The Evolution of Multicellular Organisms

Finally, multicellular organisms began to evolve. 14 years ago (500 Mya) vertebrate and invertebrate creatures were present in the oceans. 2 years later (420 mya) land plants began to evolve and create new habitats on the surface. 10 years ago (360 Mya) four-legged vertebrates began to populate the Earth surface, followed by dinosaurs and mammals 4 years ago (225 Mya). Around the same time the large continent that comprised most of the land mass (Pangea) began to break up and form present-day continents. Note also that between the arrival of four-legged vertebrates on land and the emergence of dinosaurs and mammals, 7 years ago (248 Mya) we had the worst mass extinction of life. 90% of ocean life and 70% of land life perished, and we are still not sure why, but as often happens with mass extinctions (and there have been 6 major ones) new niches are created where life can thrive, and we experience “explosions” in new species diversity.


Finally Homo Sapiens!

The second largest mass extinction happened about 2 years ago (65 mya). That’s the best-known one because it wiped out non-avian dinosaurs and it’s widely accepted to have been caused by the impact of a large asteroid. Fortunately for us, mammals survived, and, finally, an early hominid named “Lucy” appeared in Africa. That’s equivalent to about 41 days ago (4 mya). It took a while longer to see evidence of present-day anatomical humans and that was about 32 hours ago (130 thousand years ago) and about half as long to see evidence of human consciousness in the form of cave graffiti. So here we are, Homo Sapiens, just about a day old.

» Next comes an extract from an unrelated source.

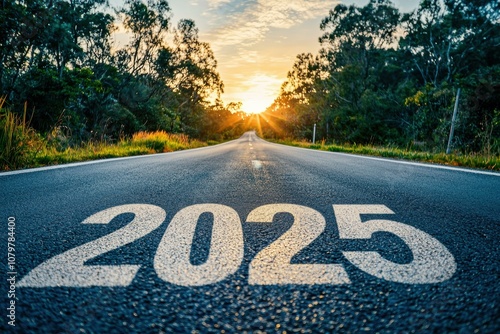 A road leading into the future, with the year 2025 painted on the asphalt. AI.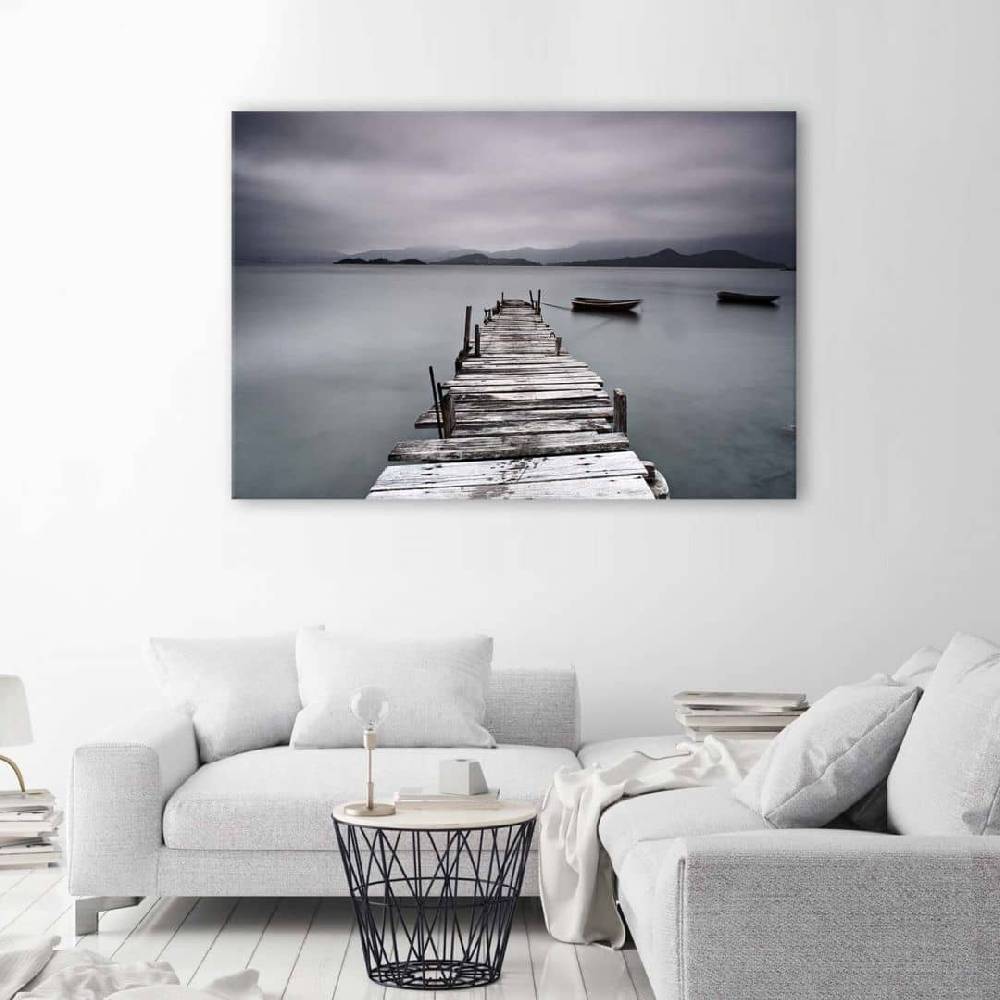 Kaeppel Leinwandbild, Steg Wintersee Landschaft Riesige Rabatte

To recap, If we go back and look at life’s evolution as taking a hypothetical 100 years, it took about 30 years for a molecular substrate to give rise to LUCA and the first unicellular organisms. Life remained happily unicellular for about 84 years. Multicellular organisms evolved to more and more complex forms and it took another 9 years for mammals to emerge, and yet another 7 years to get to us. Our history started about a day ago. In just one day out of 100 years of life’s history we went from cave paintings to landing on the moon. Note that most of life on Earth is still unicellular! We are merely a leaf in a branch of the tree of life. How did we move so fast to become the dominant species on Earth? Are we about to become an interplanetary species? We will address these topics in the next lessons.